Another idea I had is to stuff blueboard into the joist cavity but first spraying a thick bead of "great stuff" or "hilti spray" around the perimeter so that when pushed up it will spread into the deck and seal it. Also before inserting the blueboard, seal up all edges on on all rimjoists with glue to prevent infiltration from the outside. If that works, then I'd see no problem with stuffing a batt below the blueboard and then sheetrock - and skip the plastic VB. Now is 3 inches of ISO on top of the deck enough? It may be enough to warm the deck past the dewpoint temp. but its still not a whole lot of insulation. I'm guessing that with 3 inches on top, you may have warmed the deck enough so that batts can then be stuffed from below without worries - but, I have not been able to find hard data about this. if you want to keep the joist cavities empty, I'd go for the six inches of ISO on top.


----------



## rodeo (Dec 1, 2007)

Keith from AK - thats quite a beefy roof you described! 2 points

1. Is the poly VB atop the joist decking necessary? Are you creating the dreaded double VB scenario or is there some other venting going on?
2. Why another layer of plywood on top of the ISO? that seems like alot of weight. I know its stronger but a sandwich consisting of decking-ISO-roof membrane seems good enough. Maybe certain roof coverings might require it or maybe alot of roof traffic. My single-ply PVC membrane if fine laying right on the ISO.


----------



## roofboy (Jan 18, 2007)

Hello,

EricC - Yes that is pretty much correct with the exception of a few things.
1. I am not sure about the blue board/ plaster. Mostly it is sheetrock here. Then empty joist cavity.
4&5. 6" surround is built first so poly goes up 6" to top of 2x4.
7&9. You do not need the 6 1/2" screws and plates in the ISO level, just 7" screws and plates to hold down CDX and ISO.
Yes the roof will be thicker so you will need to move the gutter and add a bigger facia.

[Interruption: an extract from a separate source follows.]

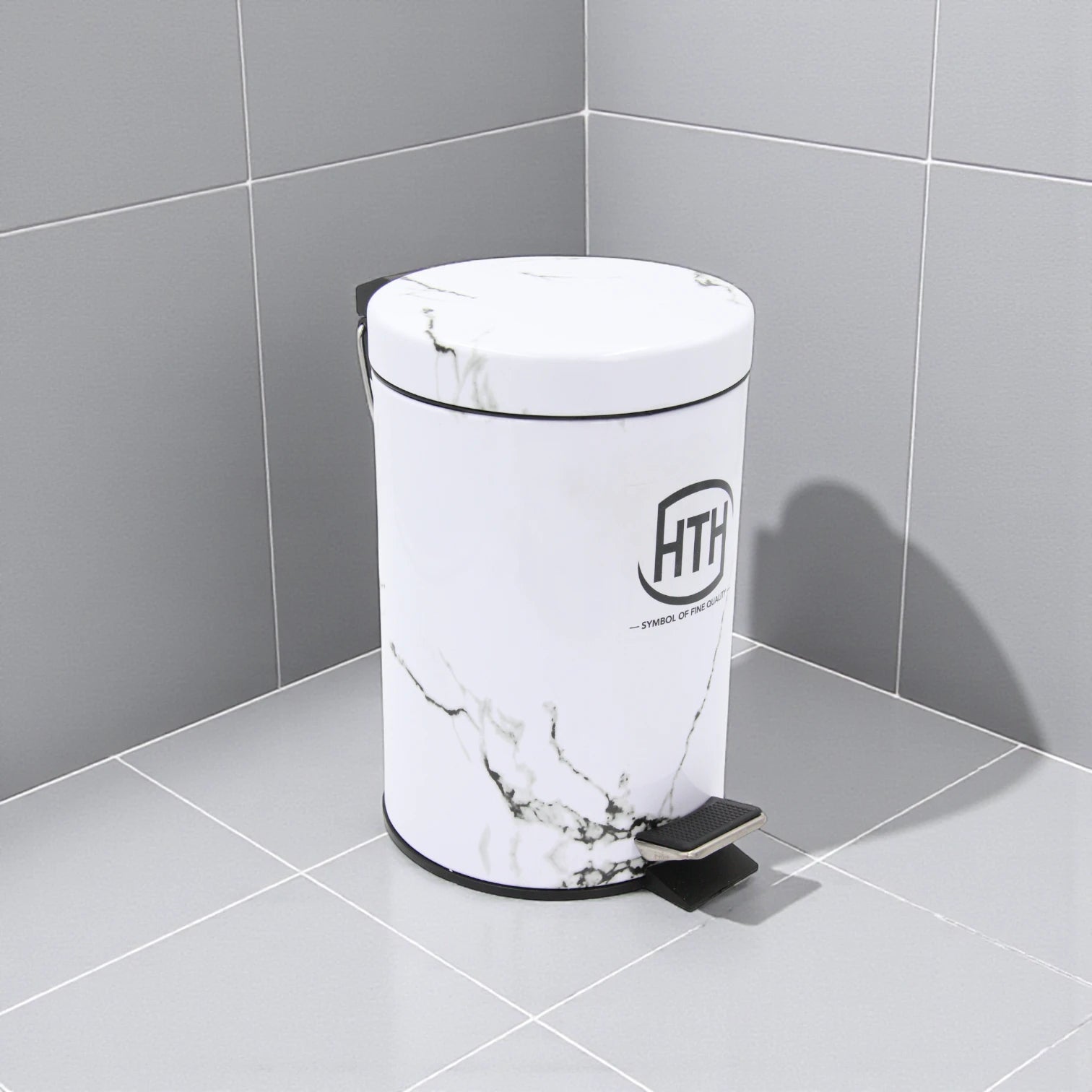 HTH Marble Design Pedal Bin with Inner Removable Bucket | Stylish Hygienic Waste Bin with Foot Pedal | Bathroom & Kitchen Trash Can – 12L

Rodeo- Yes it is a beefy roof but the snow load is different from most of the lower 48.
1. The poly should be the only VB in this situation.
2. Most adhesives will eat the ISO over time. Instead of CDX you could use this product. http://www.aknightcompany.com/pages/sheathing.aspx We use that quite often and it would reduce the weight issue.

Hope this helps.


Keith


----------



## EricC (Nov 27, 2007)

Thanks again. I get it. Everyone here thinks I'm crazy to look at a 6"think Iso board construction. I think it would be crazy not to. If I do what one roofer told me, 1.5" iso over uninsulated joist space, my total calculated R value is about 10. Won't I get too much heat loss that way and feel the cold air dropping from my ceiling?

If I insulate in the joist space at all I risk condensation in the joist area(?) This is a kitchen ceiling and I can't believe there's anyway I can really seal that joist space from moisture. or is there?

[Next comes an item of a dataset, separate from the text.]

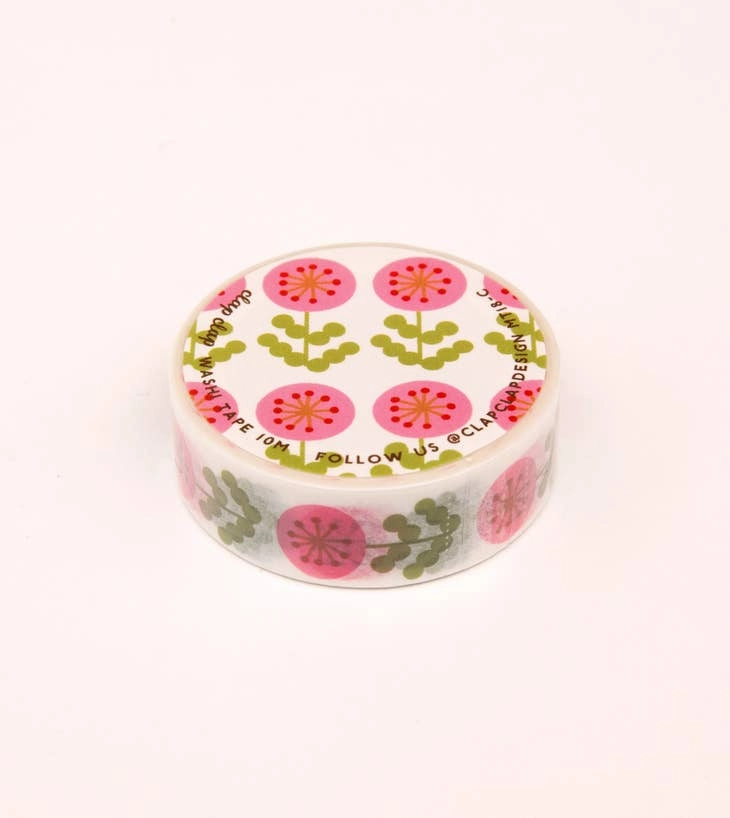 Pink Floral Washi Tape - White everyday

If for some reason I can't get 6" on top of my roof (see pix above) with adjacent peaks and gutters, then I need to make sure I have an alternate plan that gets me close to the R38. maybe the best I can hope for is just to get as much iso brd on the top deck as I can with open joist space(?)


----------



## roofboy (Jan 18, 2007)

Hello EricC,

You could try using http://www.fomo.com/. We have used this from time to time. There is a company here that all they do is poly spray foam insullation. You can fill your joist cavity with this stuff and it also acts as a VB, plus you will not have the extra height of the build up.

Hope this helps,

Keith


----------